After more than a decade of losses, Chinese video streamer iQiyi Tuesday unveiled another improved quarter. But its problems are scarcely in the rear-mirror and it simultaneously announced that it will raise a further $500 million of capital.
Revenues in the April to June 2022 period, the second quarter of iQiyi’s financial year, dropped by 13% to RMB 6.66 billion.
Net losses for the quarter weighed in at RMB214 million. That was a massive reduction compared with the RMB1.40 deficit recorded in the equivalent quarter in 2021. But it also represented a return to loss after recording a maiden first quarter profit – RMB169 million – in the January to March period.
Like many Chinese companies, iQiyi also chooses to offer a non-GAAP interpretation of its bottom line. This shows the company made a modest profit of RMB78 million. That was down from the first quarter when it made RMB162 million.
At the end of last year, iQiyi announced plans to slash costs and increase discipline over its spending, especially content investment. The operation appears to bearing some fruit.
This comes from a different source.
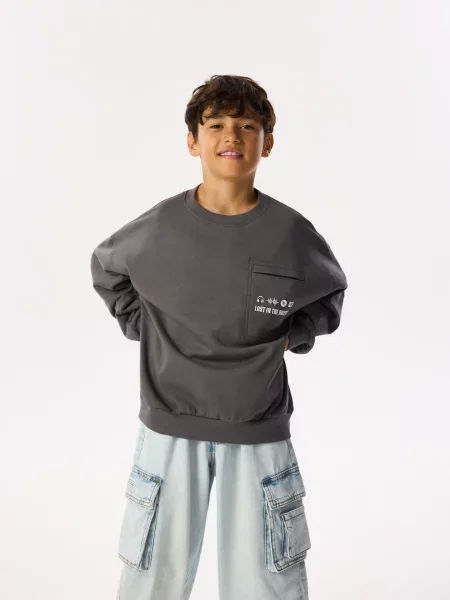 Reserved Світшот великого розміру темно-сірий сірий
Despite slashing its spending on content by 25% year-on-year iQiyi’s subscribers do not appear to mind much. Subscriber numbers continued their very slow decline (98.3 million at the end of June, compared with 99.2 million a year earlier) and revenue from subscriptions managed a 7% increase.
But other revenue lines remained weak. Advertising revenues crashed by 35% year-on-year. Program sales dived by 30%. And other revenues slumped by 37%.
For the full six -period, covering January to June, revenue slipped from RMB15.6 billion to RMB13.9 billion. iQiyi managed an operating profit of RMB219 million, compared with deep losses of RMB2.13 billion in the first half of 2021. At the net level, there was a loss of RMB44 million, compared with net losses of RMB2.66 billion).
“We fought against the gravity of [China’s] macro downturn throughout the second quarter of 2022 and booked operating profit growth. The process was extremely challenging, but the result was absolutely remarkable,” said CEO Gong Yu. “In the third [current] quarter, we [have] built important partnership[s] with Douyin and PAG. This together with the positive momentum of a series of blockbuster new releases makes us more confident than ever that we will be able to deliver greater profit growth in the future.”
The company’s new outlook has enabled it to bring on board new financial investors. PAG Asia (formerly Pacific Alliance Group), a Hong Kong-based private equity firm with $50 billion under management (as of March this year) is buying an initial $500 million of iQiyi’s convertible notes. PAG was previously an investor in the Universal Japan theme park.
The iQiyi convertible notes bear a 6% annual interest rate and can be converted into iQiyi’s NASDAQ-listed ADR shares between three and five years from now.
iQiyi enjoyed an IPO in 2018 with the ADRs selling at $18 apiece, but rapidly returned to the market for more capital. It has issued convertible debt on multiple previous occasions since its 2018 IPO – in December 2018, March 2019, and again in December 2020. Additionally, in March this year, iQiyi diluted its equity by nearly 8% when it issued new shares to parent company Baidu and a group of financial investors.
Its ADR shares finished trading on Monday at $3.93, giving the company a market value of $3.14 billion. In pre-market trading on Tuesday, following the results announcement, the counter was trading up slightly at $4.04.